Automate Invoice Processing: From Raw Data to Branded PDF
Build an automated invoice processing pipeline that turns raw transaction data into branded PDF invoices. Complete working example with HTML template and API integration.
A SaaS company I worked with was generating invoices by hand until they hit 200 customers. The finance person would open a Google Doc template, manually type in the customer name, line items, and totals, export to PDF, and email it. It took about 8 minutes per invoice. At 200 invoices per month, that's 26 hours — more than three full workdays — spent on a task that a script handles in under a minute.
The fix isn't complicated. You need four things: a data source, an HTML template, a PDF generation API, and a delivery mechanism. This post walks through all four with working code.
The pipeline
Here's the full flow:
Database/API → Python script → HTML template → PDF API → Email/S3
| | | | |
raw data fetch + format inject data render PDF deliver
Each step is independent. You can swap the data source (Stripe API instead of a database), the template engine (Jinja2, Handlebars, plain f-strings), or the delivery method (email, S3, webhook) without touching the other parts.
Step 1: Define your invoice data
Start with a clear data structure.
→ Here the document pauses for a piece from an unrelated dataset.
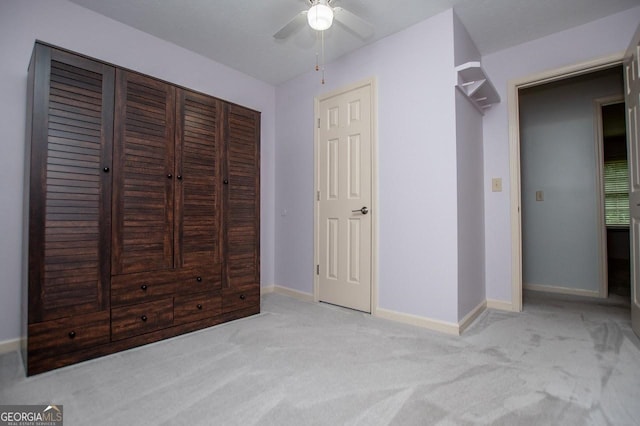 65 Pine Haven Ct, Carrollton, GA 30116 - unfurnished bedroom featuring baseboards, carpet flooring, a ceiling fan, and a closet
Every invoice needs these fields at minimum:
from dataclasses import dataclass, field
from datetime import date
from decimal import Decimal
from typing import Optional
@dataclass
class LineItem:
description: str
quantity: int
unit_price: Decimal
tax_rate: Decimal = Decimal("0.00")
@property
def subtotal(self) -> Decimal:
return self.quantity * self.unit_price
@property
def tax(self) -> Decimal:
return self.subtotal * self.tax_rate
@property
def total(self) -> Decimal:
return self.subtotal + self.tax
@dataclass
class Invoice:
invoice_number: str
issue_date: date
due_date: date
customer_name: str
customer_email: str
customer_address: str
items: list[LineItem] = field(default_factory=list)
currency: str = "USD"
notes: Optional[str] = None
@property
def subtotal(self) -> Decimal:
return sum(item.subtotal for item in self.items)
@property
def total_tax(self) -> Decimal:
return sum(item.tax for item in self.items)
@property
def total(self) -> Decimal:
return self.subtotal + self.total_tax
Using Decimal instead of float matters. Floating point arithmetic produces results like 19.99 * 3 = 59.96999999999999. On an invoice, that's a bug. Decimal("19.99") * 3 gives you Decimal("59.97").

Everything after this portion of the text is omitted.